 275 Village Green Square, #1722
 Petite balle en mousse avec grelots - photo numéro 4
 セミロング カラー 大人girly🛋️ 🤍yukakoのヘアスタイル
============================================================
Task item: Please set down the full listing above, word for word.

Task response:
 275 Village Green Square, #1722
 Petite balle en mousse avec grelots - photo numéro 4
 セミロング カラー 大人girly🛋️ 🤍yukakoのヘアスタイル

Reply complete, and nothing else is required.